In Hugo, metadata is defined in the so-called front matter. Some of the predefined fields only become effective when we manually include them in templates, while other fields are automatically taken into account during the website’s build process.

This article provides an overview of how such fields are defined and provides some considerations on what information should be stored in the front matter and as hidden secondary content on the website.

Data Formats

Hugo supports various formats for the front matter: YAML, TOML, and JSON. In practice, there are hardly any decisive advantages or disadvantages; you can simply choose the format whose syntax suits you best. Personally, I prefer YAML.

JSON necessarily groups data with brackets, which seems unnecessary for simply structured data. To my mind, the somewhat cumbersome handling of hierarchical data speaks against TOML. Lists are represented in array syntax: [a, "b", 2]. For nested structures, the table headers must be repeated: [servers], then [servers.alpha], then [servers.alpha.a].

In YAML too we can denote data structures with the same bracket literals. But we can also simply list the scalar elements of structures, as we would do with unordered lists in Markdown. In nested structures, the levels are grouped by indenting them in a syntactically meaningful way (as opposed to repeated table headers).

In YAML, string values can be written without quotation marks, even if they contain spaces. Quotation marks are only required if a reserved character such as : appears in the string. Literals such as 12 or 2014-12-31 are automatically recognized as denoting numbers or dates (as opposed to strings). Only in exceptional cases, they must be turned into strings by putting quotation marks around the literals ("12").

The documentation recommends to define at least title and date in the front matter of each page. These fields only have an effect if they are used in layouts.

For most users, it makes sense to integrate this information into the HTML header.

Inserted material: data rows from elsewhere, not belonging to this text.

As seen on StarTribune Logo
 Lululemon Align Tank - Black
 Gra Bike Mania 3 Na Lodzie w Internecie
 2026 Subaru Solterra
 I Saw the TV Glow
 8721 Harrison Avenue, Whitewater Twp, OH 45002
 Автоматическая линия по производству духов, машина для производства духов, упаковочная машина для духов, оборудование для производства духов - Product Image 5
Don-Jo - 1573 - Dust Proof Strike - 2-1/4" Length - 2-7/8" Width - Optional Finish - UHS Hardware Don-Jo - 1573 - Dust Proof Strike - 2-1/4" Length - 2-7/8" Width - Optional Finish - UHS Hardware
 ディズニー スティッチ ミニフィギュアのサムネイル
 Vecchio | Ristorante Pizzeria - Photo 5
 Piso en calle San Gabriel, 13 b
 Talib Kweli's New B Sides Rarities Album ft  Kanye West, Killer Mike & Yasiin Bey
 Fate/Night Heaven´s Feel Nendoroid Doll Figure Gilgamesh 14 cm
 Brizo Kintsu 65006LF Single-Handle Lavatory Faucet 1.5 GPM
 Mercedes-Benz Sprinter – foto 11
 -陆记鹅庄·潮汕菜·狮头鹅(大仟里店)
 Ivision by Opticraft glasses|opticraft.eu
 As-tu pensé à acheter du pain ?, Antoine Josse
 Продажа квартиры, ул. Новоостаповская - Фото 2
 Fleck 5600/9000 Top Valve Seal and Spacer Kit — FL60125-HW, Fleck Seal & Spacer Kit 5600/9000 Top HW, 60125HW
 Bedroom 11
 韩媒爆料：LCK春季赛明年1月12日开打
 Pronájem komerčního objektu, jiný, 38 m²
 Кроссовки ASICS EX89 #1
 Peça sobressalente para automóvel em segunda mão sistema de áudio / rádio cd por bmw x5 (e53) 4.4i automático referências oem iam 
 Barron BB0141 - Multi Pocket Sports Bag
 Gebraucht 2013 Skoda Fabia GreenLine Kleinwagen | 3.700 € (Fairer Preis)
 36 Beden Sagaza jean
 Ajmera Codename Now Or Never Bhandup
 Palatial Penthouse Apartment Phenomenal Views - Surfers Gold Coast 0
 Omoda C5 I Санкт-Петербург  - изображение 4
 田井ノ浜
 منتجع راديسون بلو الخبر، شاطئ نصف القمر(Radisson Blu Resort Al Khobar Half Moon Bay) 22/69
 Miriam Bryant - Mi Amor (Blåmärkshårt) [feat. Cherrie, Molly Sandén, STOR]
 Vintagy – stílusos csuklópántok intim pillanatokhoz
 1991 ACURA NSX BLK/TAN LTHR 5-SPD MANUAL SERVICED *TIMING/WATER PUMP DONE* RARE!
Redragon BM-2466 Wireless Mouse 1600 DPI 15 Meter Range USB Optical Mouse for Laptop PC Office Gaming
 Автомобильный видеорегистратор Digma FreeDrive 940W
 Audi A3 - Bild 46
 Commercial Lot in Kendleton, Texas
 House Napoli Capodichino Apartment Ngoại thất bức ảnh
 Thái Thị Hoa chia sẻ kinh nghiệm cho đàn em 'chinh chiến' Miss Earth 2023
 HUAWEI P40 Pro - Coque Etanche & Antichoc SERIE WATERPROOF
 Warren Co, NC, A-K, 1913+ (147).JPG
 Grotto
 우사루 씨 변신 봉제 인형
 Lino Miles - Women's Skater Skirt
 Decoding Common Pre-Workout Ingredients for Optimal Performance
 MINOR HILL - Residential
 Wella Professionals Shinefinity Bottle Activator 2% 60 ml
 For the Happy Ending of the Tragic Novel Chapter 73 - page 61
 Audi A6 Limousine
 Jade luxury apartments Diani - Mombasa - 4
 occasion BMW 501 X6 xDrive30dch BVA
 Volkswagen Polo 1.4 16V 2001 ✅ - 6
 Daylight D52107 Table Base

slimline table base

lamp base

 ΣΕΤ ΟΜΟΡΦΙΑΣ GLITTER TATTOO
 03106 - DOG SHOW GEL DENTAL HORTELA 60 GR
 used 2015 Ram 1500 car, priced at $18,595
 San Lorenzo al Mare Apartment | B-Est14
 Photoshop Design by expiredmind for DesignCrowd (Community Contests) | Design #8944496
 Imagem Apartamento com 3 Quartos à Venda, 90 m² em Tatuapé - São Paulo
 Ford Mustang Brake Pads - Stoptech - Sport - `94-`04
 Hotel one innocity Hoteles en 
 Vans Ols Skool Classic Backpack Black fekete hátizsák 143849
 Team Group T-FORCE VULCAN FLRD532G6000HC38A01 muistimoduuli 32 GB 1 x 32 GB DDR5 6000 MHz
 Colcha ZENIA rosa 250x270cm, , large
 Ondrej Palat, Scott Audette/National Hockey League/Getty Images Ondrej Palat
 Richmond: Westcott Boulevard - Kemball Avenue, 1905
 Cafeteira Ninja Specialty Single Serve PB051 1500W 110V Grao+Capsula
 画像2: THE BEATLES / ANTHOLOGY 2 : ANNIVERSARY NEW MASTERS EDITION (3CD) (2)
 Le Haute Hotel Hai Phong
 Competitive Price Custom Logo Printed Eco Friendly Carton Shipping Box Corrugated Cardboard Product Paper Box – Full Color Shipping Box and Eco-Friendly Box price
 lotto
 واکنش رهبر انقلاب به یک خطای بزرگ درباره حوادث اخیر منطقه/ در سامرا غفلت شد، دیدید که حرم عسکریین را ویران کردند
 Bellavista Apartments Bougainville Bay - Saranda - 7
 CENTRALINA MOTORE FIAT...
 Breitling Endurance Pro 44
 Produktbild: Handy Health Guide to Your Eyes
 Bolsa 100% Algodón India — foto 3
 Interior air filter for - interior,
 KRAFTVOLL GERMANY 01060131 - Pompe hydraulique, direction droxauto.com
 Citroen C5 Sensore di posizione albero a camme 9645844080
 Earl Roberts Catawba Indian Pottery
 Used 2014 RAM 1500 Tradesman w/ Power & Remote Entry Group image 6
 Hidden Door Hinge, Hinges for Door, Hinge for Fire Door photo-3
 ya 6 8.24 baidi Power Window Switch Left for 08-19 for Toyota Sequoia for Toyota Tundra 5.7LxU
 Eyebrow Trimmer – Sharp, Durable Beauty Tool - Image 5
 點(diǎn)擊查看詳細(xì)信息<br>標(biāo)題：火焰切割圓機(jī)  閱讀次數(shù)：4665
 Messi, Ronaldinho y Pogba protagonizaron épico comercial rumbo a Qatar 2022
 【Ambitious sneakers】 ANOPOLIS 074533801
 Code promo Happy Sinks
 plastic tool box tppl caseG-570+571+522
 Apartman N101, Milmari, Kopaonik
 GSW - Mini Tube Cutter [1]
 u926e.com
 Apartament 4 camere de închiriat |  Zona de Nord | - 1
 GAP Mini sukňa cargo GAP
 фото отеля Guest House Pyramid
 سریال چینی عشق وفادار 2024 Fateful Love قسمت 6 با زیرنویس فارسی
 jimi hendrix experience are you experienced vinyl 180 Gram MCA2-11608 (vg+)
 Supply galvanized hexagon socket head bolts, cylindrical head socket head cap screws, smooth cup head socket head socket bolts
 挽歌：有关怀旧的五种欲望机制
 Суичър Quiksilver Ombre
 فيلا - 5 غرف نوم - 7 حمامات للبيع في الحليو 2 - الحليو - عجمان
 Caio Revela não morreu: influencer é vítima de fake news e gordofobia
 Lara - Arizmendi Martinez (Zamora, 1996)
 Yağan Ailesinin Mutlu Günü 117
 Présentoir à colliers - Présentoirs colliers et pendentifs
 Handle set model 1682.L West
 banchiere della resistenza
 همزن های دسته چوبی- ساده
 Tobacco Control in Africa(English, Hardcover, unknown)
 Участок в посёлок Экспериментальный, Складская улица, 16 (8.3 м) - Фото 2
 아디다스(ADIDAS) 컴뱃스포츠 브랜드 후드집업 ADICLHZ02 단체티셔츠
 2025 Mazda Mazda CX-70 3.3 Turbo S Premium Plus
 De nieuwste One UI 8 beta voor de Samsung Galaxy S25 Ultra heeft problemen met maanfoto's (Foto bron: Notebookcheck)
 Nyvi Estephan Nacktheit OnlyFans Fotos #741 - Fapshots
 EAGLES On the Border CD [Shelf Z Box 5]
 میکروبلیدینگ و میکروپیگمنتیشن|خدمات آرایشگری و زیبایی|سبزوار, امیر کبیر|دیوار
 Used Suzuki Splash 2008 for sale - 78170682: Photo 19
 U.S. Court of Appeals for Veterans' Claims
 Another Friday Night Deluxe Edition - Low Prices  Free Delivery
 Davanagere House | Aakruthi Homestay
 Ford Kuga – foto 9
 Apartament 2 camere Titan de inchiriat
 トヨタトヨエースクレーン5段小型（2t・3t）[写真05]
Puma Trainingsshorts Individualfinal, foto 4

Standards such as schema.org or Dublin Core define additional requirements on how metadata should be structured and made available in machine-readable form. If this matters to you, you can use the metadata of the front matter to implement the recommendations of these guidelines.

Information about Content

The title should always be included in the head of a page. It not only appears in the title bar or in the browser tab, but also plays an important role for search engine optimization. In the base layout, this could be implemented as follows:

{{ if .Page.Title }}<title>{{ .Page.Title }}</title>{{ end }}

Two fields allow the main content to be displayed in summary or excerpt form. The description field adds a general description to the title. This is provided in the head of the page by a corresponding meta tag, which is created using the PAGE.description method:

<meta name="description" content="{{ if .Params.description }} {{ .Params.description }}{{ end }}" />`.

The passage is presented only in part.